Only the pictures should be dropped; every line of the data must come back exactly as written.
Segment Start: Given information
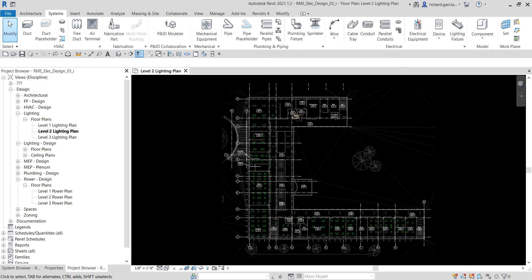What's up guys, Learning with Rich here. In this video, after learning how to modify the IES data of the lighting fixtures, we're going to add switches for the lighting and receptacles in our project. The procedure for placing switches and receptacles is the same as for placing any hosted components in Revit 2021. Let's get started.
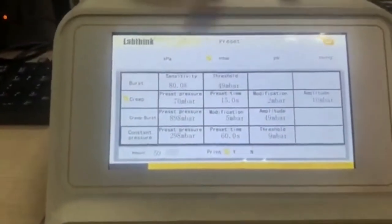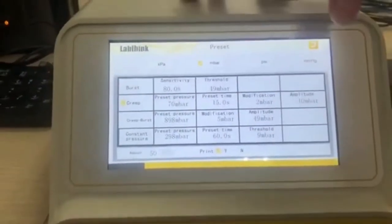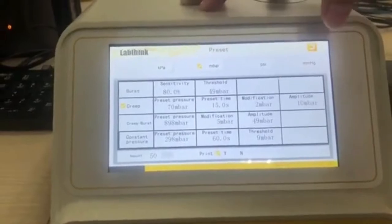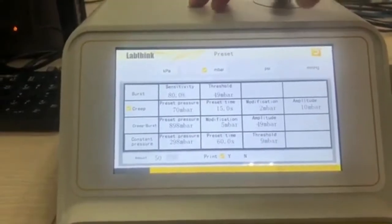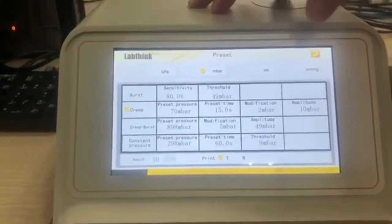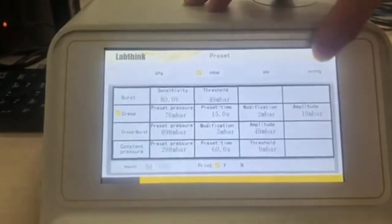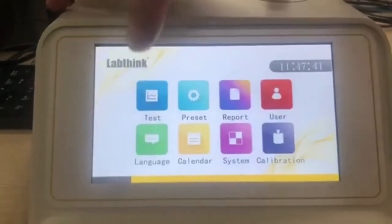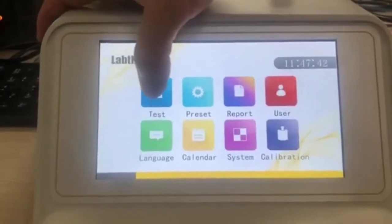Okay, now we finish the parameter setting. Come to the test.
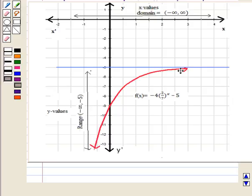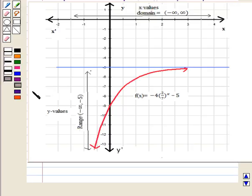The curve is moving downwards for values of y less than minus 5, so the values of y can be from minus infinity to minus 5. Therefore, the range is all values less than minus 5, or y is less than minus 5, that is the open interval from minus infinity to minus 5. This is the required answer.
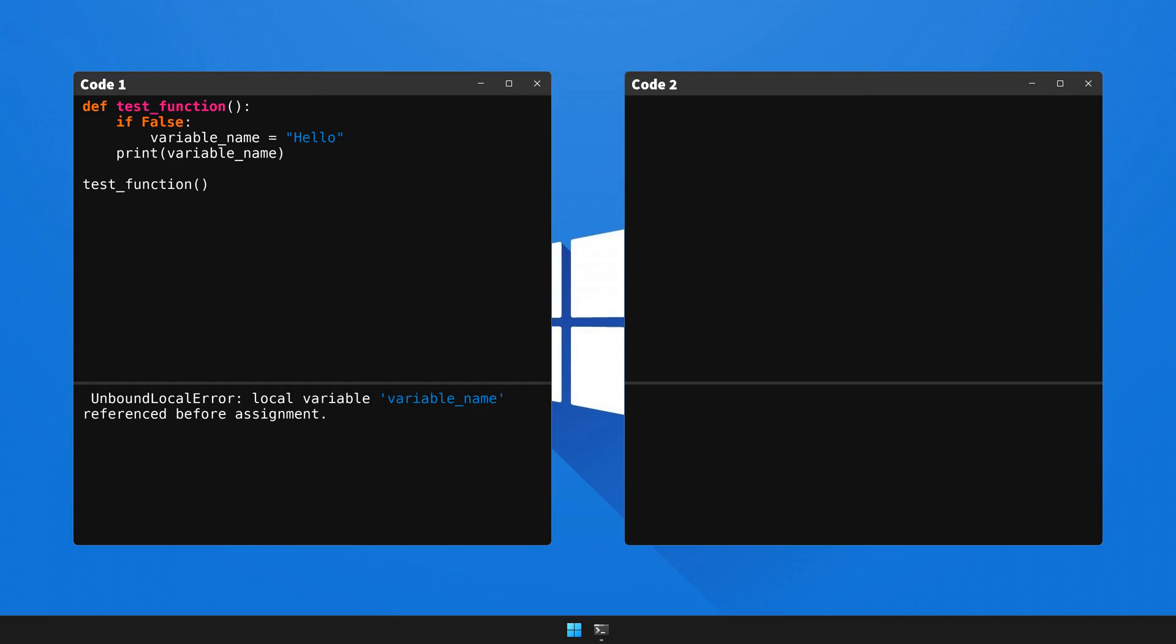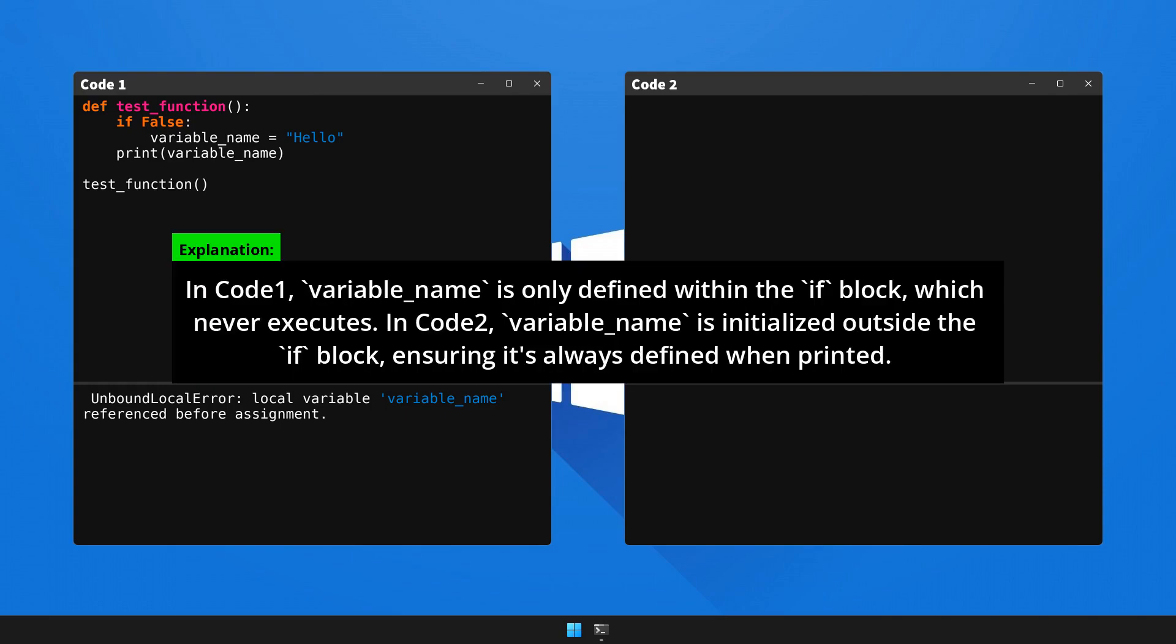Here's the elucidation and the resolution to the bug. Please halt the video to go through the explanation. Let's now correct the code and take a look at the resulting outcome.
Segment End: Given information
» Solution
What's up guys, Learning with Rich here. In this video, after learning how to modify the IES data of the lighting fixtures, we're going to add switches for the lighting and receptacles in our project. The procedure for placing switches and receptacles is the same as for placing any hosted components in Revit 2021. Let's get started.
Okay, now we finish the parameter setting. Come to the test.
The curve is moving downwards for values of y less than minus 5, so the values of y can be from minus infinity to minus 5. Therefore, the range is all values less than minus 5, or y is less than minus 5, that is the open interval from minus infinity to minus 5. This is the required answer.
Here's the elucidation and the resolution to the bug. Please halt the video to go through the explanation. Let's now correct the code and take a look at the resulting outcome.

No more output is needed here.